The problem | A faithful copy of the data, pictures omitted, is the required answer.

Task data |
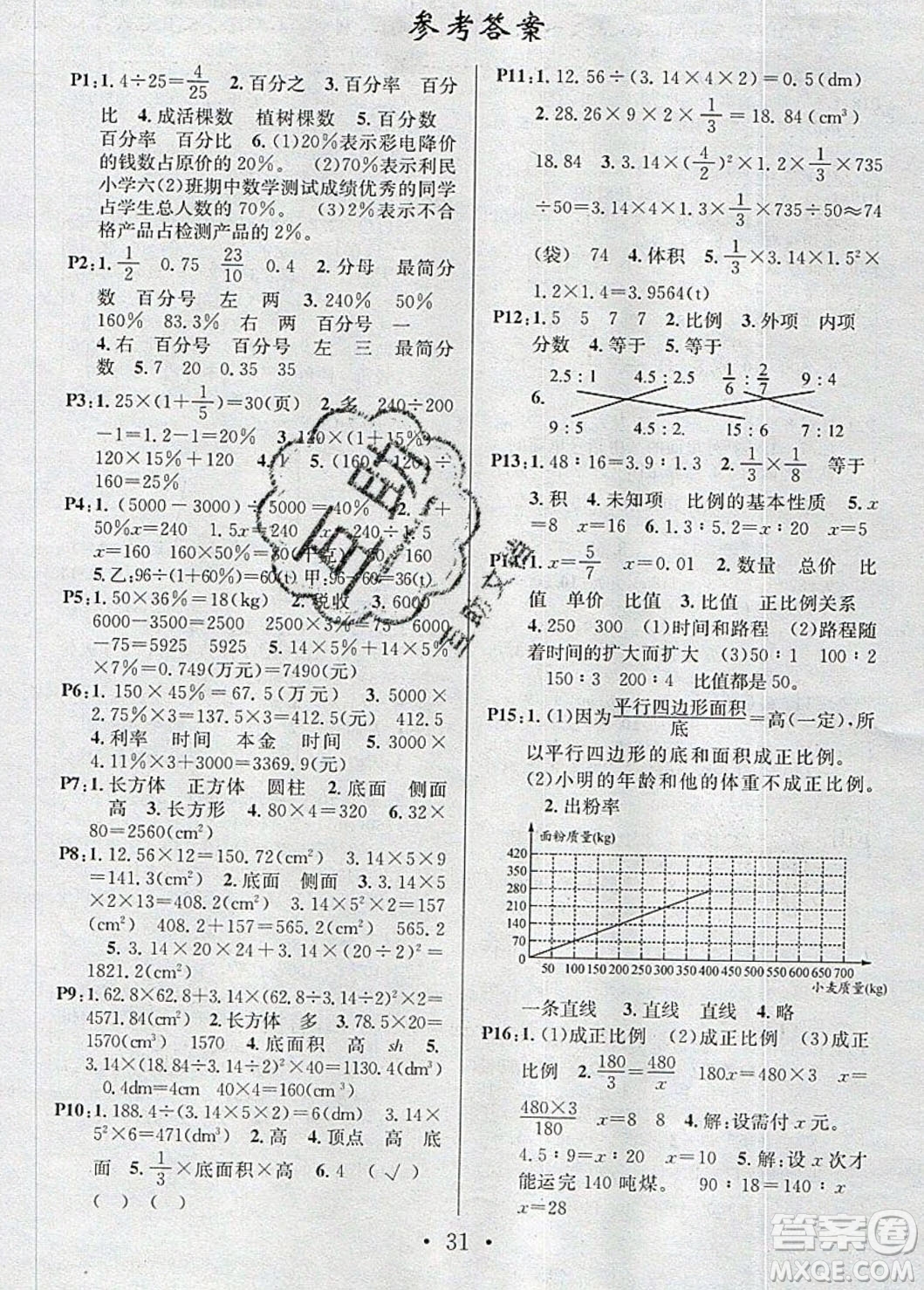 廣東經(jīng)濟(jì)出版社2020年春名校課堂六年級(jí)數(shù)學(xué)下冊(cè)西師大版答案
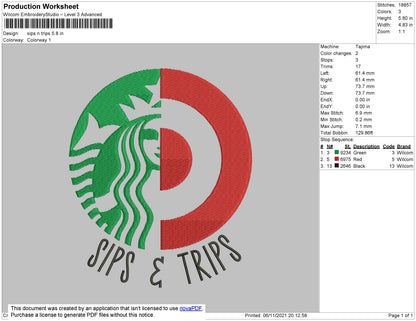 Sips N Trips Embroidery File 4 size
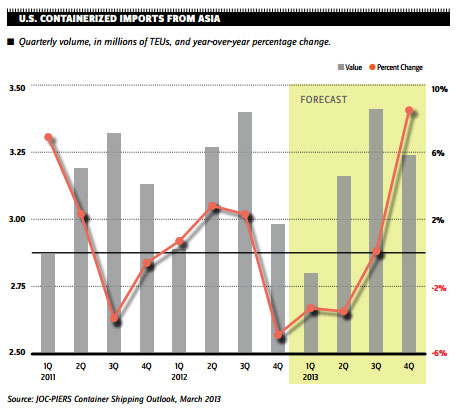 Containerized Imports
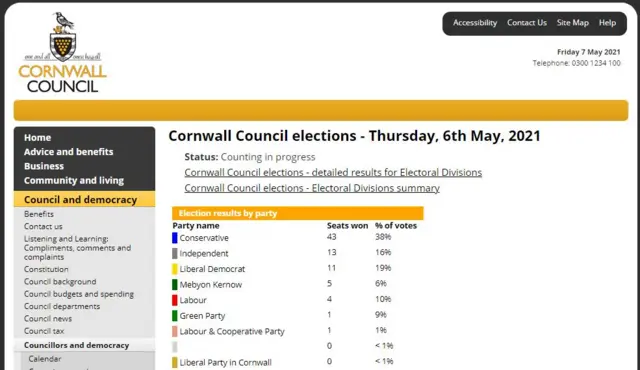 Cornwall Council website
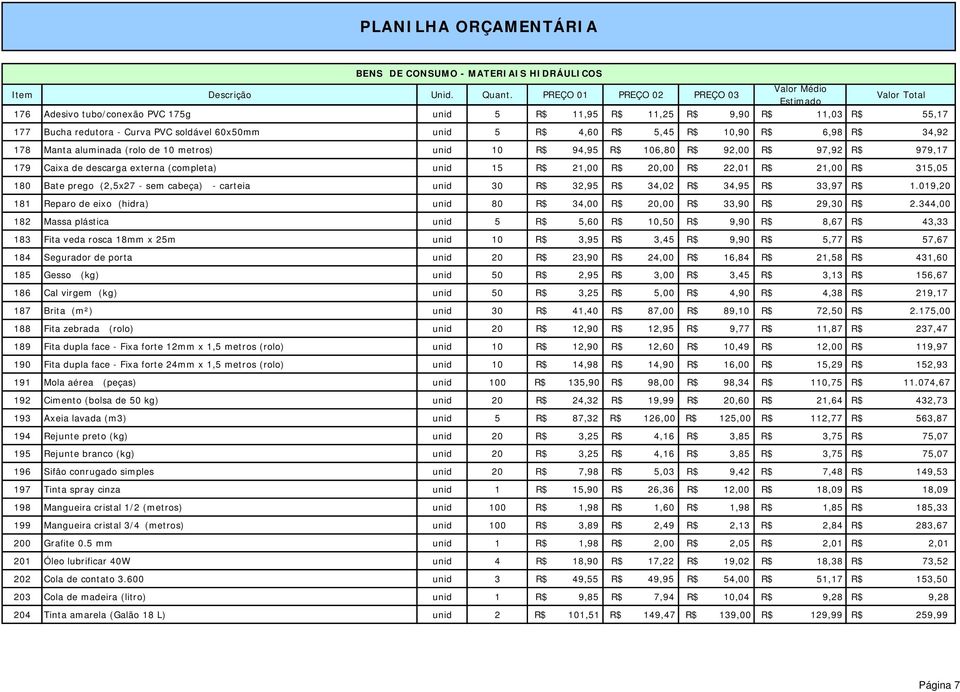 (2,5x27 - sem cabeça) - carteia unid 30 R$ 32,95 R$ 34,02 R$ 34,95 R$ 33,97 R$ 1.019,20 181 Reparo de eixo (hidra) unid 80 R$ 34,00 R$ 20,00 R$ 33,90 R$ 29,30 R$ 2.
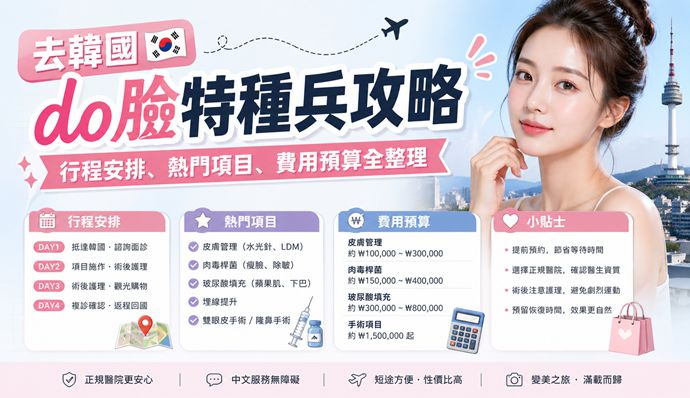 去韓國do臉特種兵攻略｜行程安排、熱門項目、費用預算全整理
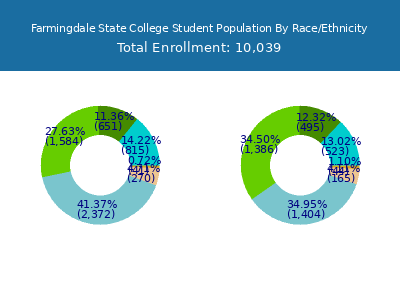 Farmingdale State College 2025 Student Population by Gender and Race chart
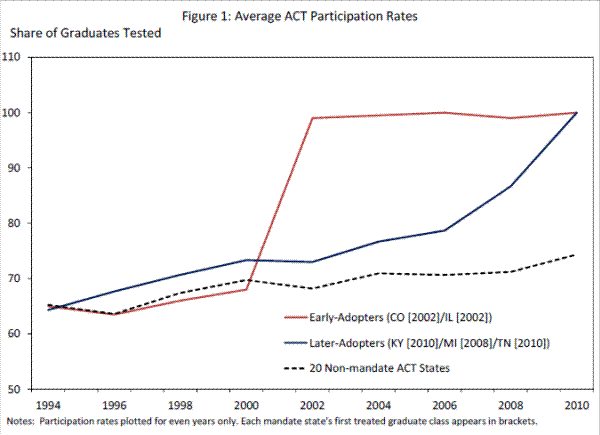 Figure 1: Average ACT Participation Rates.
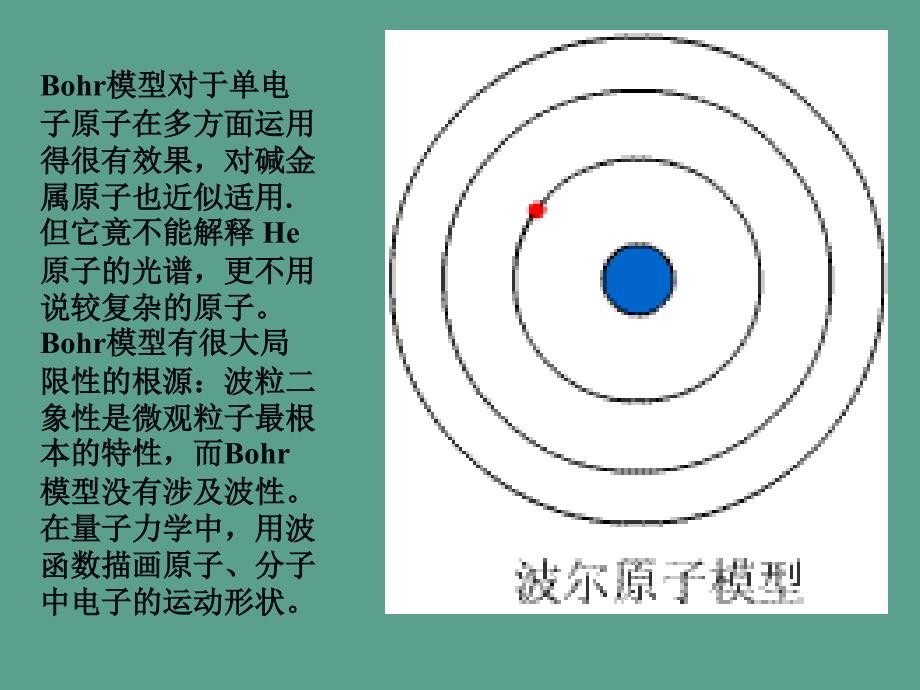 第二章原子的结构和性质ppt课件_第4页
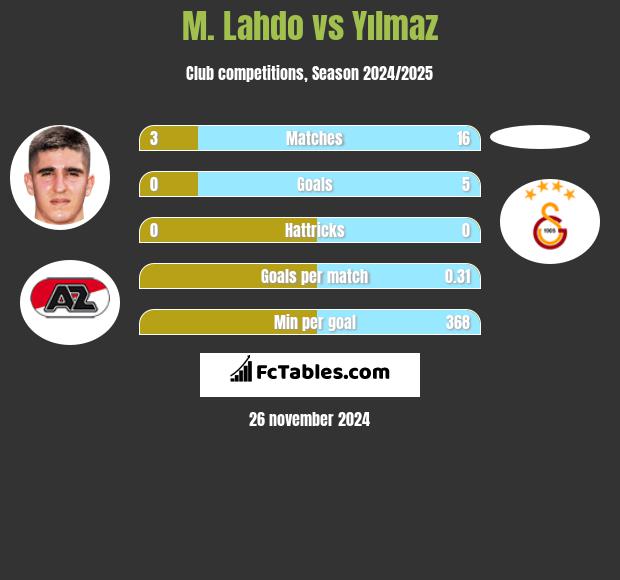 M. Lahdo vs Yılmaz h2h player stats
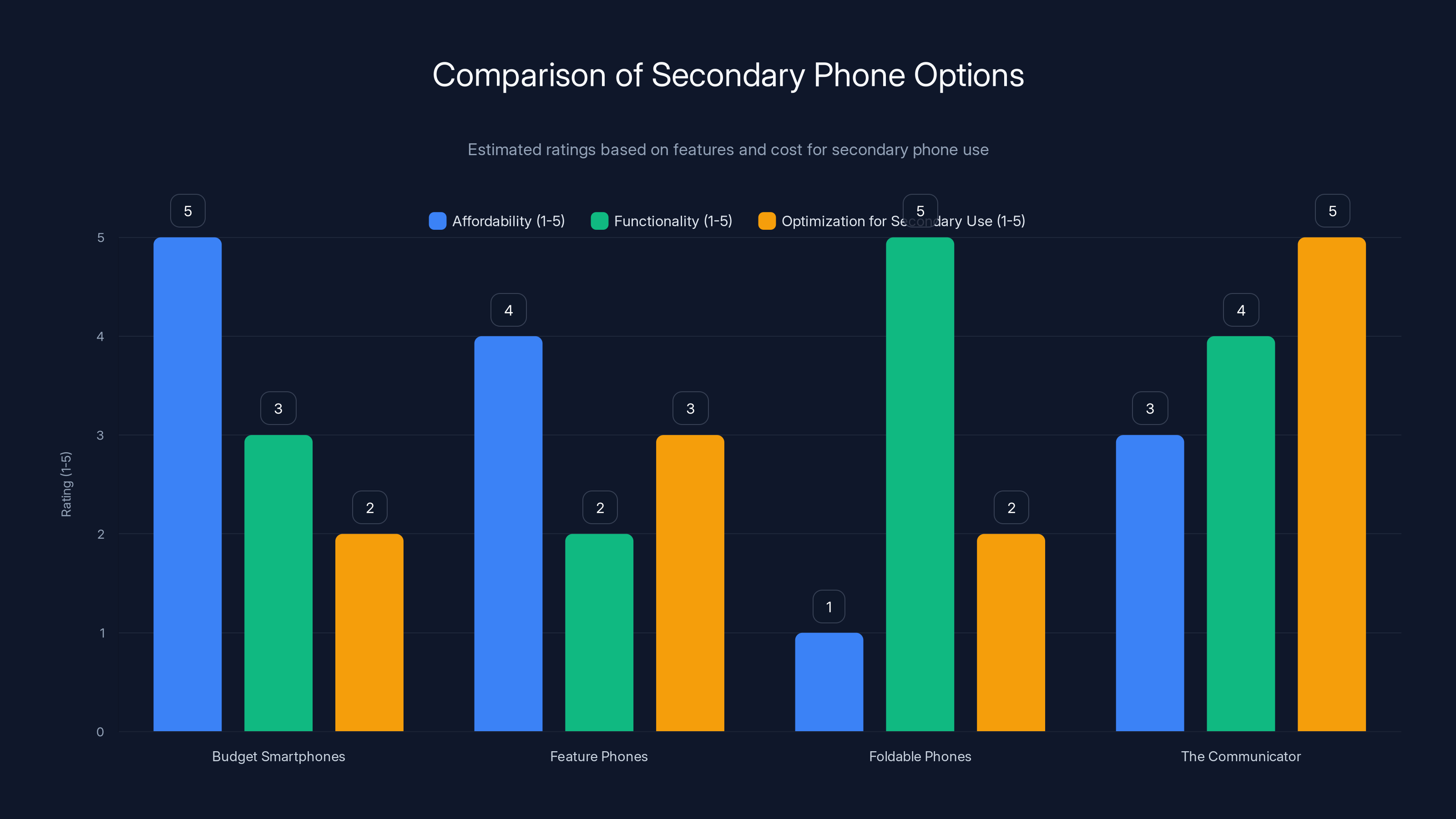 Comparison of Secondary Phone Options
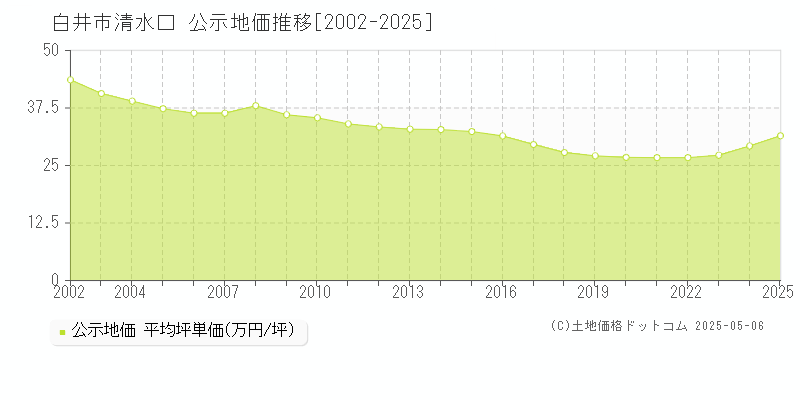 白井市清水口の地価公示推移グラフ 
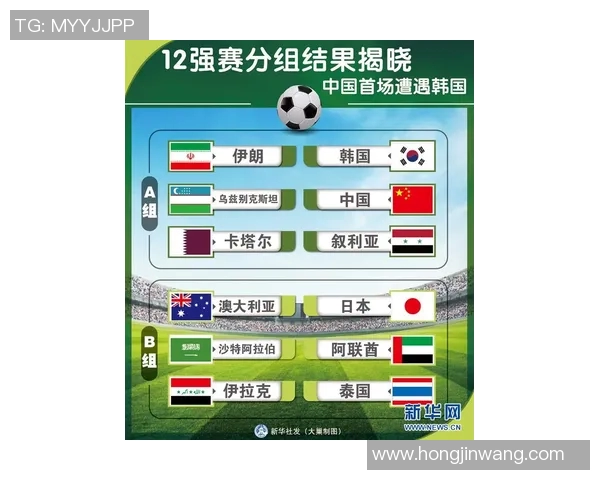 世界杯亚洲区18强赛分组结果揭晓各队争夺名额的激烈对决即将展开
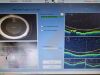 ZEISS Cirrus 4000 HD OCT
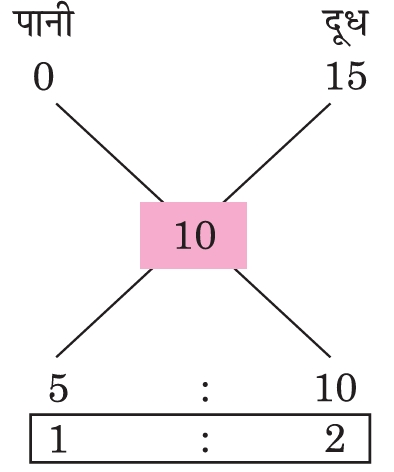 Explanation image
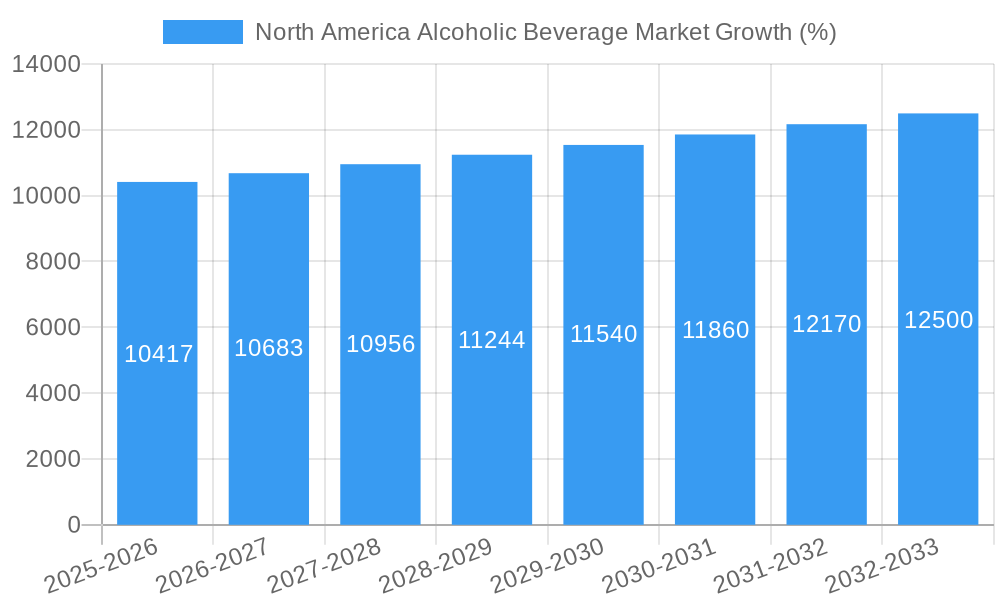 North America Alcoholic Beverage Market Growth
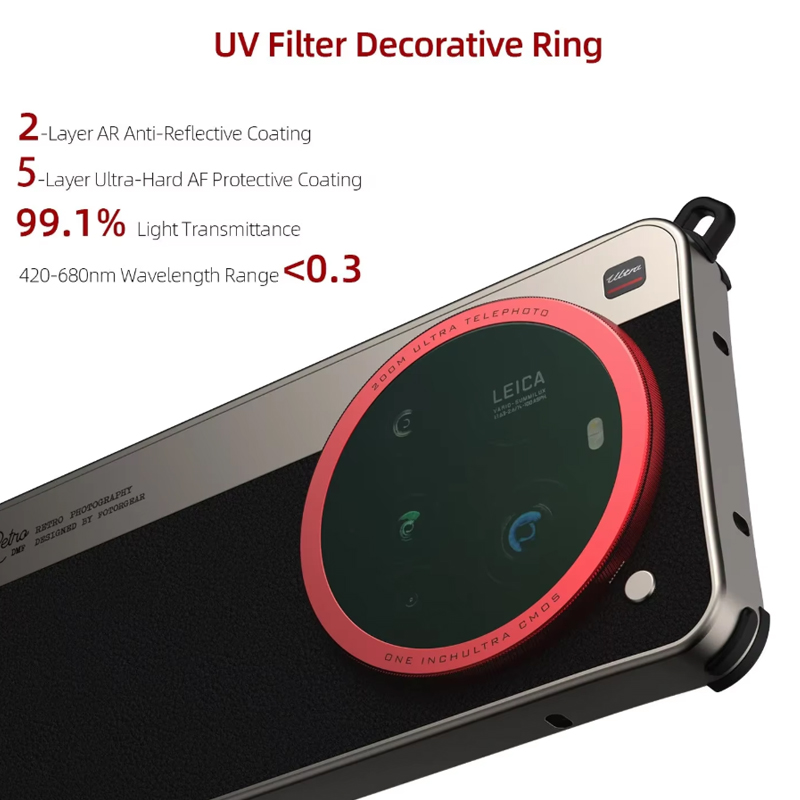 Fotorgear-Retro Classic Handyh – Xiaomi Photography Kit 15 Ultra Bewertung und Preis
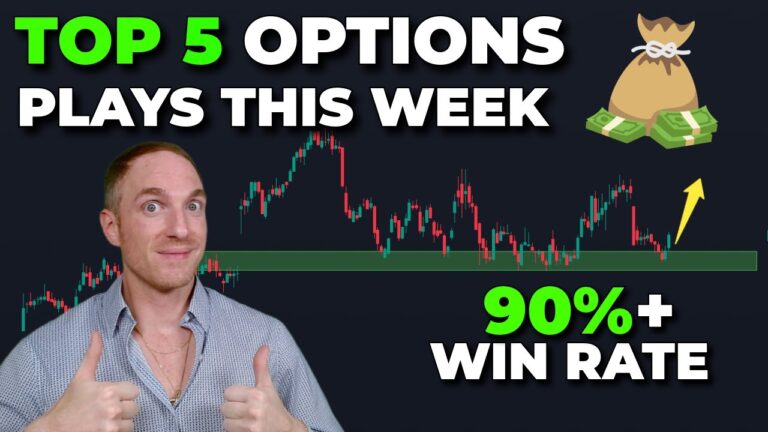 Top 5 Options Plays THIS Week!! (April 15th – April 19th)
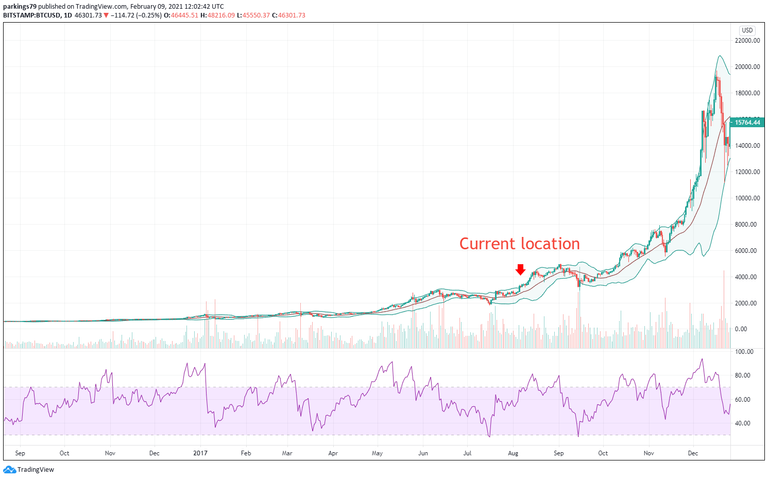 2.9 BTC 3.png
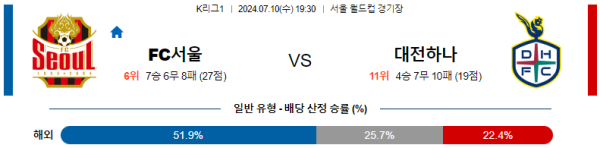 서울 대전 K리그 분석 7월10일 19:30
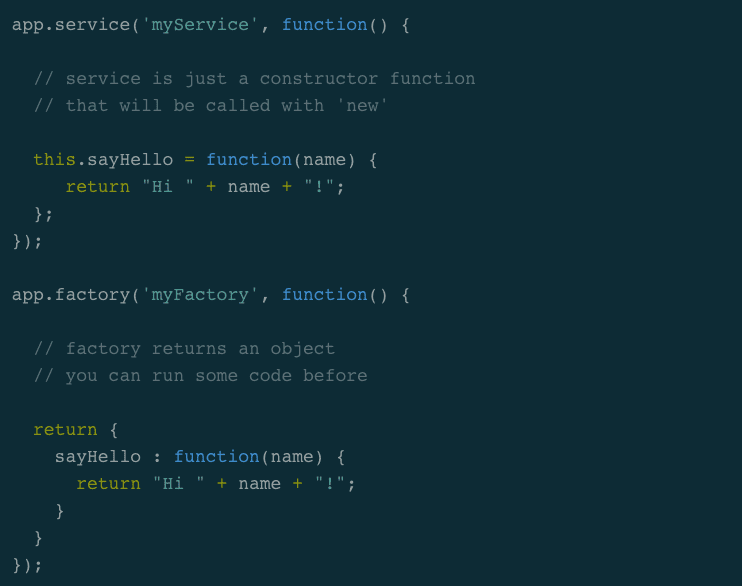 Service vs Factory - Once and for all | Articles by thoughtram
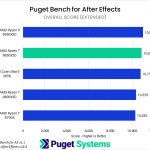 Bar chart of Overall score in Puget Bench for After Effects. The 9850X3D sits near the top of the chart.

Solution for this exercise |
 廣東經(jīng)濟(jì)出版社2020年春名校課堂六年級(jí)數(shù)學(xué)下冊(cè)西師大版答案
 Sips N Trips Embroidery File 4 size
 Containerized Imports
 Cornwall Council website
 (2,5x27 - sem cabeça) - carteia unid 30 R$ 32,95 R$ 34,02 R$ 34,95 R$ 33,97 R$ 1.019,20 181 Reparo de eixo (hidra) unid 80 R$ 34,00 R$ 20,00 R$ 33,90 R$ 29,30 R$ 2.
 去韓國do臉特種兵攻略｜行程安排、熱門項目、費用預算全整理
 Farmingdale State College 2025 Student Population by Gender and Race chart
 Figure 1: Average ACT Participation Rates.
 第二章原子的结构和性质ppt课件_第4页
 M. Lahdo vs Yılmaz h2h player stats
 Comparison of Secondary Phone Options
 白井市清水口の地価公示推移グラフ 
 世界杯亚洲区18强赛分组结果揭晓各队争夺名额的激烈对决即将展开
 ZEISS Cirrus 4000 HD OCT
 Explanation image
 North America Alcoholic Beverage Market Growth
 Fotorgear-Retro Classic Handyh – Xiaomi Photography Kit 15 Ultra Bewertung und Preis
 Top 5 Options Plays THIS Week!! (April 15th – April 19th)
 2.9 BTC 3.png
 서울 대전 K리그 분석 7월10일 19:30
 Service vs Factory - Once and for all | Articles by thoughtram
 Bar chart of Overall score in Puget Bench for After Effects. The 9850X3D sits near the top of the chart.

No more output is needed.